Material Processing Technique
Recycled cement dust and Recycled concrete aggregate collected from RMC Plant. This gathered material
is pulverized by sledge to isolate the aggregates, and tidy particles and concrete tidy is sieved and
conveyed to the fineness of bond. These are reduced to their sizes in a smaller fraction, sieved to
aggregate size and for cement fineness. On these isolated aggregates different testicles are led in research
centre according to IS and IRC code and their outcomes are contrasted and normal aggregates. Obstructs
with RCD, FA and a section trade for concrete considering it as a Pozzolanic material is additionally
done5,6-9. Paver, Solid, Hollow pieces with measurements relating to Indian Standard codes are thrown
utilizing Cement, Fine aggregates, Finer coarse aggregates, Fly fiery remains, Recycled Coarse
Aggregate.
EXPERIMENTAL Materials Used
The materials utilized as a part of this venture are Cement, Fine aggregates, Coarse aggregates, Fly ash,
Coarse Aggregate, Recycled Coarse aggregates and Admixtures. In lab tests were directed according to
IRC SP6310 and IS 10262 codal arrangements of the materials to adopt their properties. Different tests on
materials were directed to concentrate on the possessions of materials utilized, to cast Paver, Solid and
hollow blocks using RCD and RCA. The blocks cast with different trail blends based upon the blend
outline touched base, to acquire the required quality. The specific gravity and strength test significances
of different materials are given underneath.
Mix Design and Material Proportions The blend outline of M30 review was done according to 10262-20091211 and was altered according to the
rules of IRC: SP: 63-2004 for Paver blocks and IS 15658& IS 218512 for Solid and Hollow blocks to
accomplish the characteristic strength of 30 MPa
The trail I is a traditional blend. Trial II was cast by fulfilling the necessities given in the codes, with
slight adjustments in the proportion was.

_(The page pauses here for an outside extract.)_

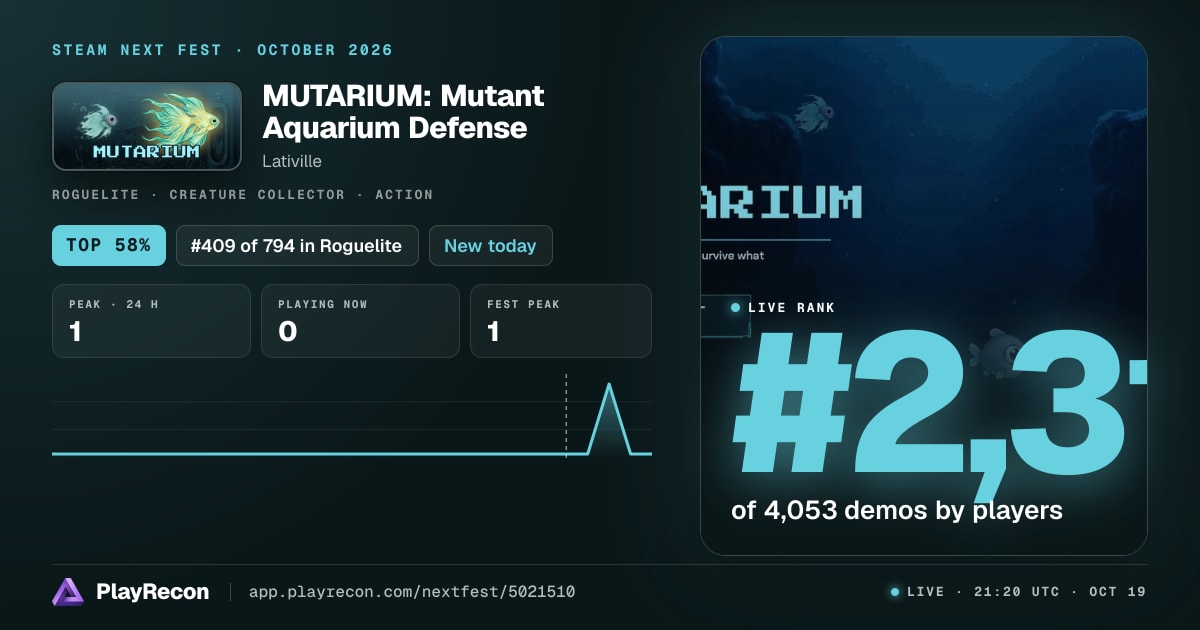 MUTARIUM: Mutant Aquarium Defense in Steam Next Fest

The adjusted proportion was the incomplete substitution of
concrete by RCD and completely substitution of coarse aggregates by RCA. Trial III was cast by in
partial substitution of the bond by FA and completely substitution of Coarse aggregates by RCA. Trail IV
was the replacement of concrete by 25% RCD, 25% FA and completely substitution of coarse aggregates
by RCA. For every one of the trials, V to VIII with admixtures are additionally landed because of
supplanting with reusing the material to maintain quality.
Design of Paver Block The layout of paver blocks was done by: SP: 63-2004. The paver blocks used ought to have a reference
compressive strength of 30 N/mm2 and satisfy the essentials given in IRC: SP: 63-2004. The purposes of
enthusiasm of these essentials given in IRC: SP: 63-2004 for interlocking paver blocks used is showed up
as a part of Table-1. By comparing the properties of paver blocks used as a part of this study with IRC
essentials, it watched that it fulfilled each one of the necessities.

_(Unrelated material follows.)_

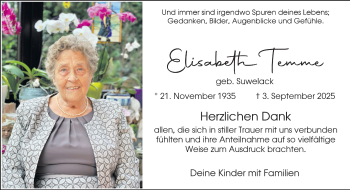 Anzeige von Elisabeth Temme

Design of Solid Block & Hollow Block The outline of Solid blocks and Hollow blocks did according to IS 10262 and the mix ratio given in
Table-2. The Solid and Hollow blocks utilized should have a base compressive strength of 5 N/mm2 and 3
N/mm2 separately at 28 days according to IS 2185.
Mix Combinations Test specimens of Paver block, Solid block and Hollow blocks are made of concrete with cement, fine
aggregate and coarse aggregate by weight are cast with additives of Fly ash and Recycled cement dust,
100% replaces a replacement for cement by 25% and 50% and coarse aggregate. Approximately 8
Vol. 10 | No. 2 |592 - 599 | April - June | 2017
594 UTILISATION OF RMC WASTE WITH CHEMICAL ADMIXTURES L. Krishnaraj et al.
combinations of mixes prepared by varying cement content with and without admixtures for each
specimen. Trail I is the benchmark which contains naturally available material with 100% OPC. Trail II is
prepared by 100% replacement of Coarse Aggregate (CA) by Recycled Coarse Aggregate (RCA) and
50% of Cement by Recycled Cement Dust (RCD). Trail III prepared by 100% replacement of CA by
RCA and 50% of Cement by Fly ash. Trail IV is the combination of 100% replacement of CA by RCA
and 25% of Cement by Fly ash and 25% of cement by RCD. These four combinations prepared without
admixtures. With the same combination Trail V, VI, VII, VIII prepared with admixture called Sun Proof
Hollow Mix which accelerates the strength of blocks though it replaced with RMC waste2,8.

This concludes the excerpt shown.